TASK DESCRIPTION ::
Return, without pictures, the lines from the start of the data through the one that contains "Oil gushes from".

[Start of Attachment]

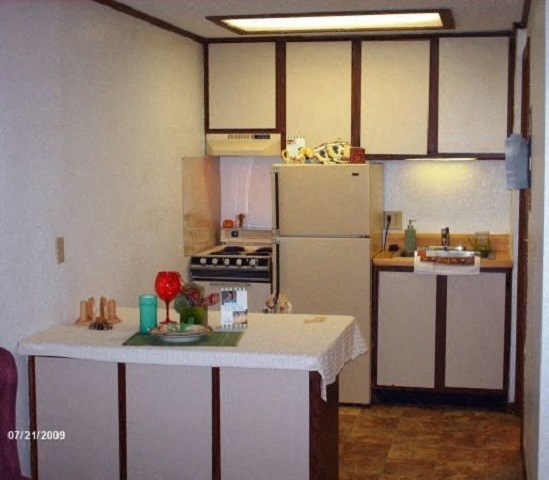 a kitchen with a white counter and a refrigerator
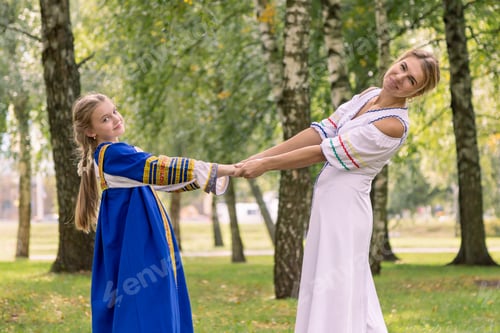 Preview: Caucasian mom and daughter are hugging while walking in nature. Mother and girl dancing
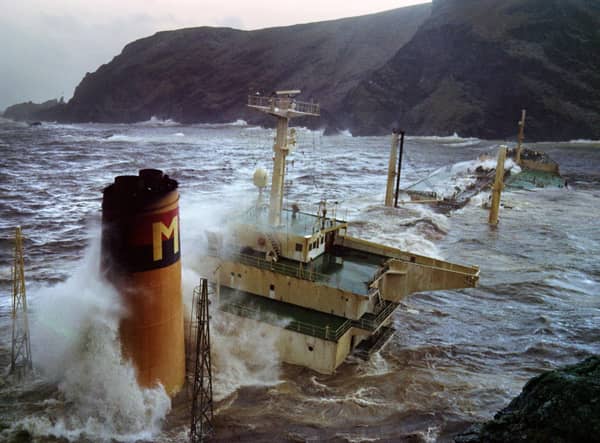 Oil gushes from the stricken Liberian-registered Braer tanker after it ran aground at Garths Ness on the Shetland Islands on January 5, 1992. (Photo by GERRY PENNY/AFP via Getty Images)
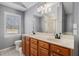 Charming bathroom with a double sink vanity, wood cabinets, and well-lit vanity area at 146 Crowell Se Rd, Conyers, GA 30094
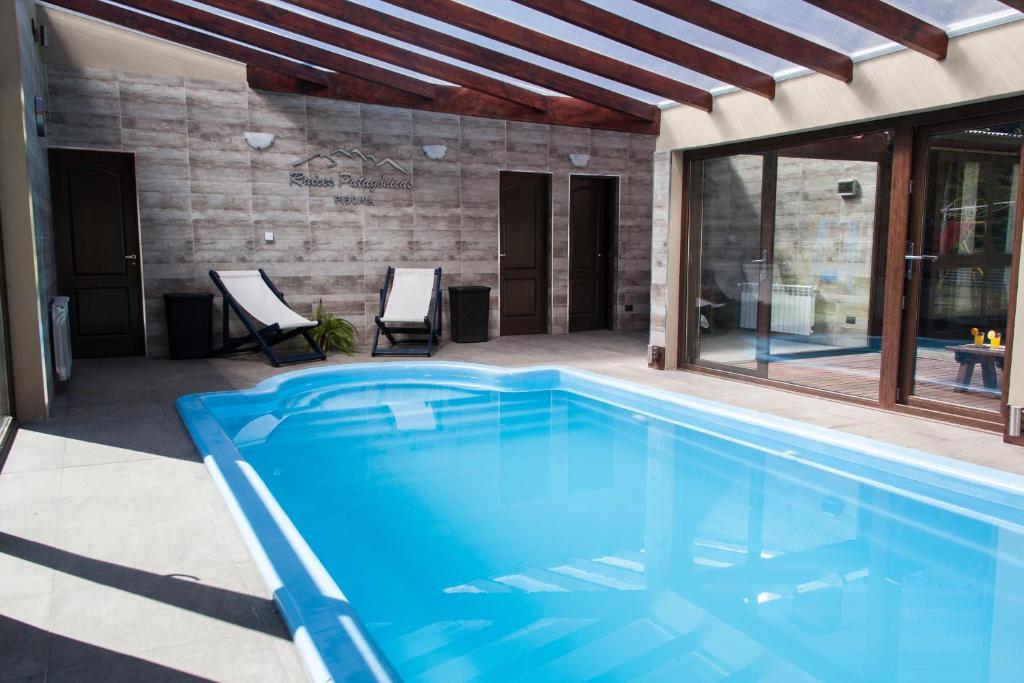 una piscina di fronte a una casa di Complejo Raíces Patagonicas a Dina Huapi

[End of Attachment]

TASK OUTPUT ::
 a kitchen with a white counter and a refrigerator
 Preview: Caucasian mom and daughter are hugging while walking in nature. Mother and girl dancing
 Oil gushes from the stricken Liberian-registered Braer tanker after it ran aground at Garths Ness on the Shetland Islands on January 5, 1992. (Photo by GERRY PENNY/AFP via Getty Images)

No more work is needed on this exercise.